What to produce: Your copy should start at the line with "Flower of Life" and end at the line with "ALDO Women's Black" in the data below. Transcribe only those lines, exactly, pictures excluded.

<<<<

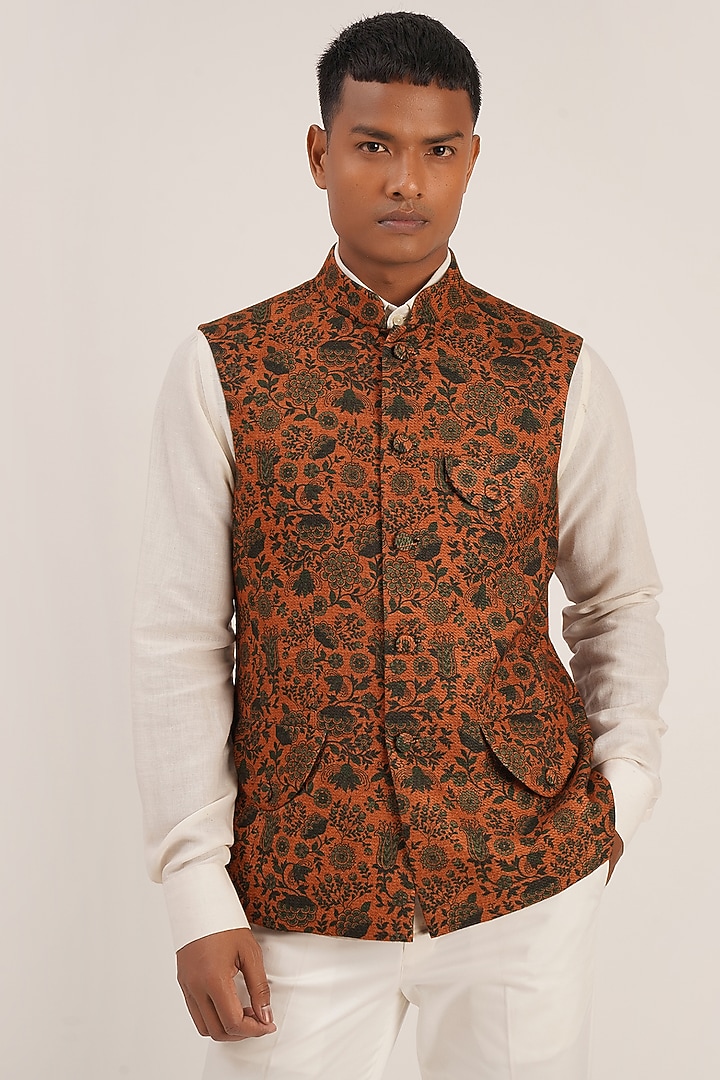 Rust & Green Textured Cotton Silk Printed Nehru Jacket by Dhruv Vaish at Pernia's Pop Up Shop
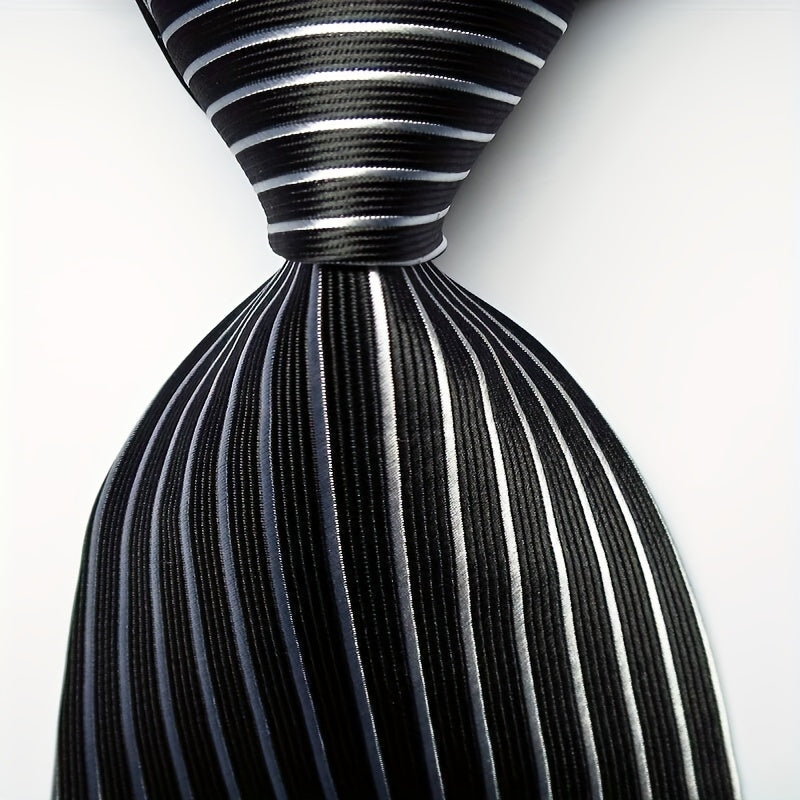 Men's Jacquard Woven Striped Plaid Tie Set in Blue Green Red Orange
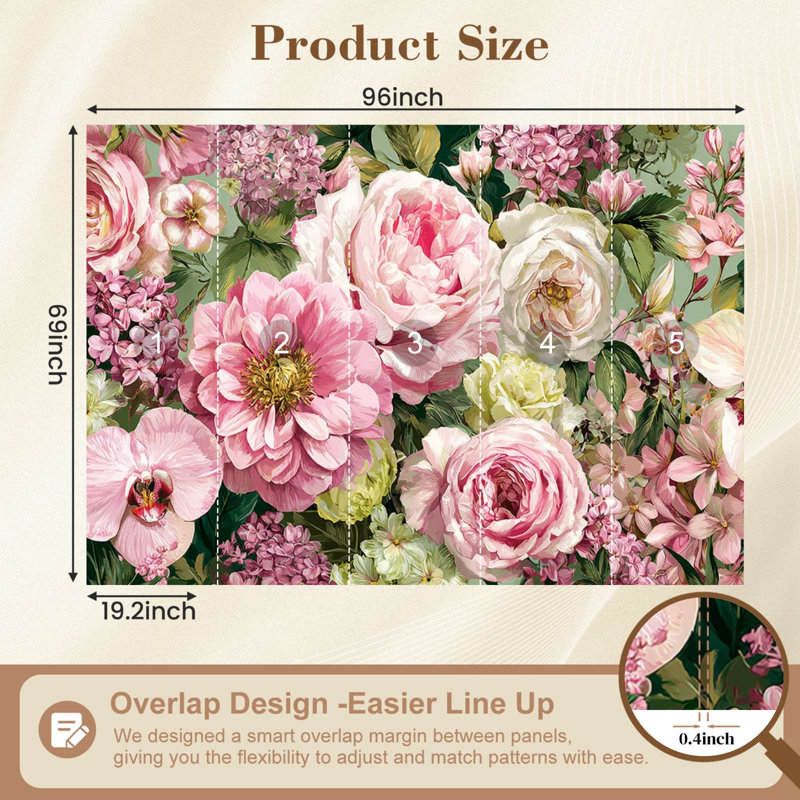 Papier peint adhésif bohème rose pastel Boho, L 96 po x l 69 po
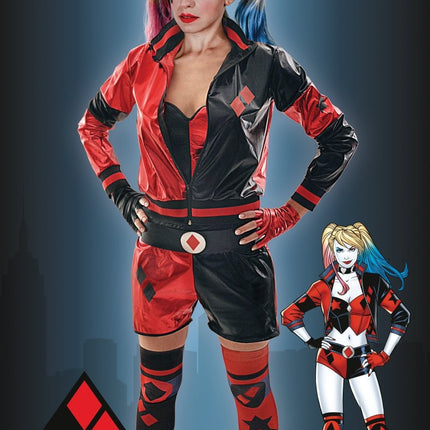 Harley Quinn Kostuum Rood Zwart Dames Volwassenen van Ciao International koop je bij Partywinkel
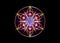Flower of Life symbol Sacred Geometry. Gold luxury Logo icon round geometric mystic blue lotus mandala of alchemy esoteric Seed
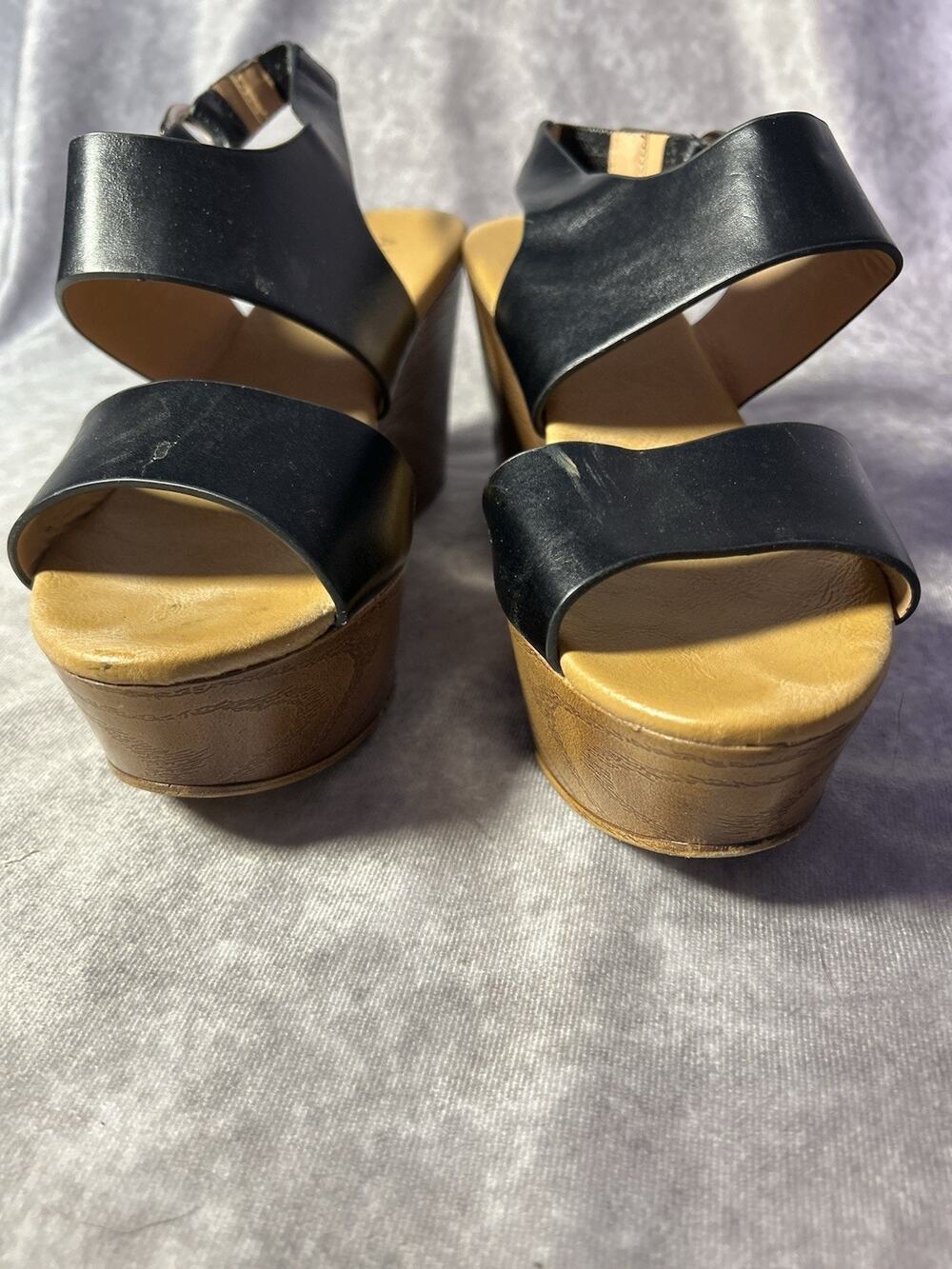 ALDO Women's Black Platform Wedge Sandals Size 8 / 8.5 Faux Wood Heel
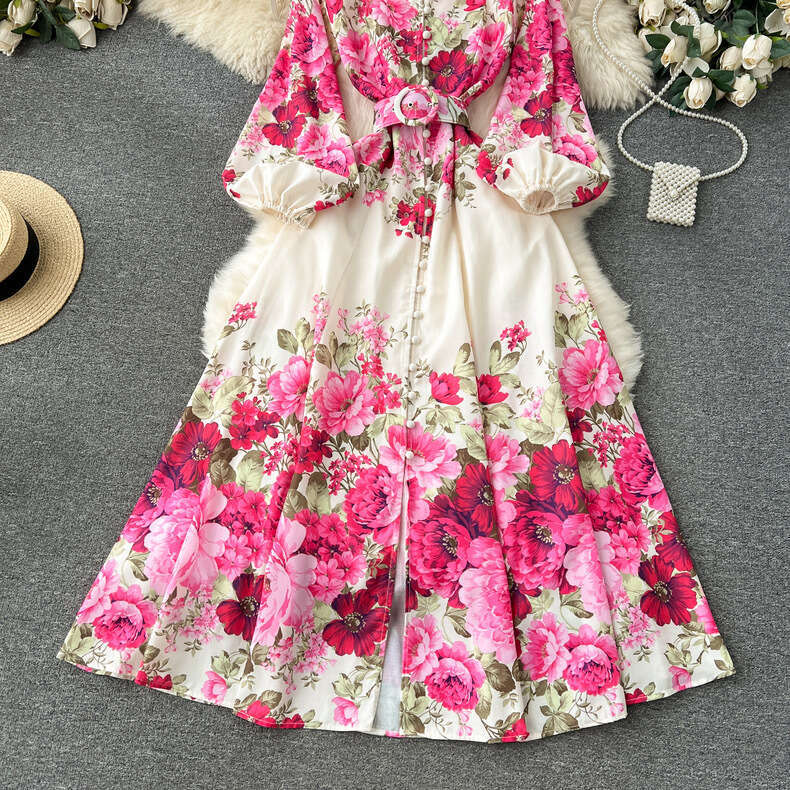 Flower Series Spring Clothing 2024 New High-end Printed Slim Fit Long French Style Bubble Sleeve Temperament Dress Waist Self-cultivation Short SKINNY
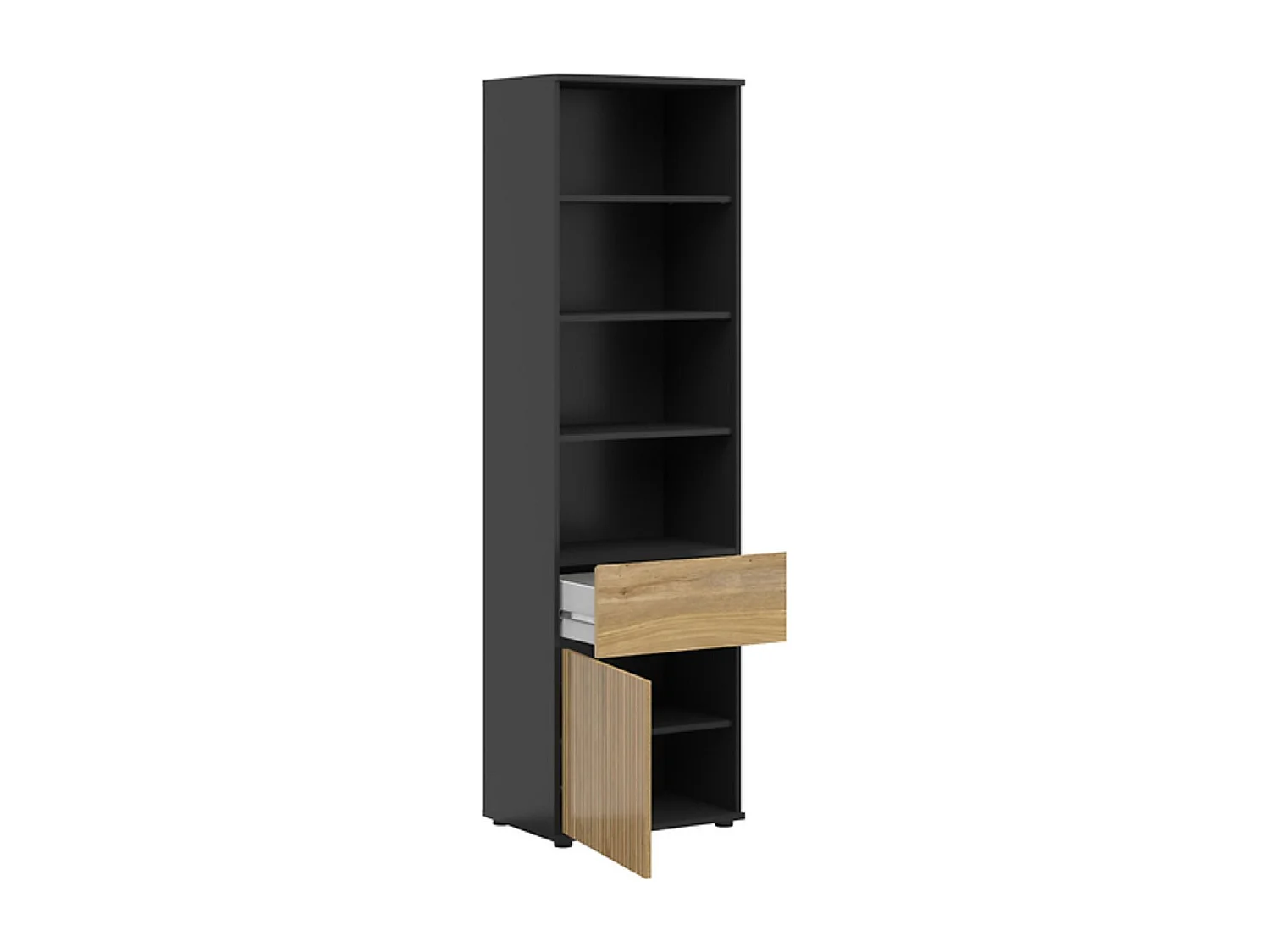Bibliothèque avec 1 portes et 1 tiroir,coloris Chêne/Noir - Longueur 57 x Profondeur 39,5 x Hauteur 196 cm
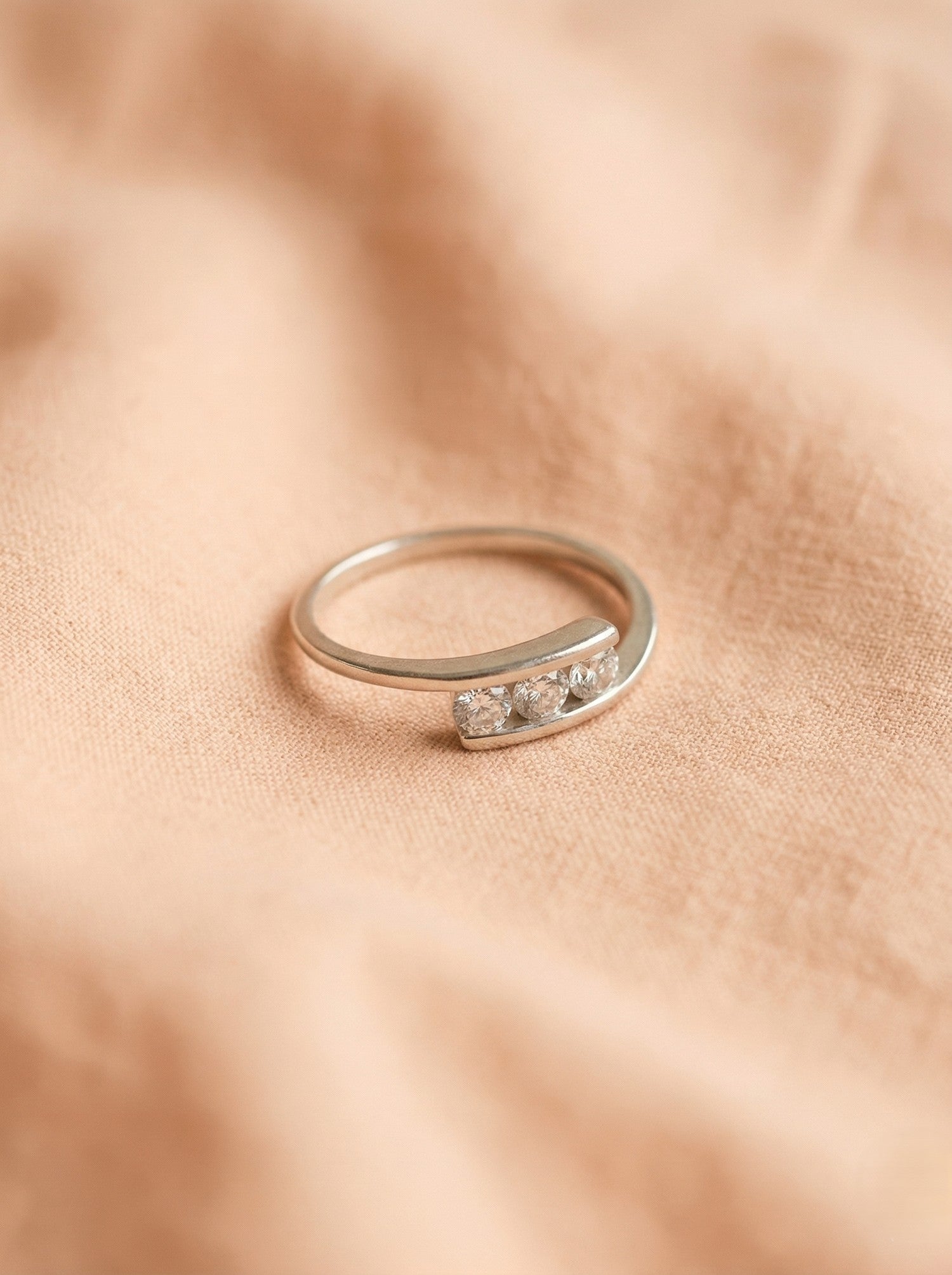 Channel-Set Triple Stone Bypass Ring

>>>>

Result for this task:
Flower of Life symbol Sacred Geometry. Gold luxury Logo icon round geometric mystic blue lotus mandala of alchemy esoteric Seed
 ALDO Women's Black Platform Wedge Sandals Size 8 / 8.5 Faux Wood Heel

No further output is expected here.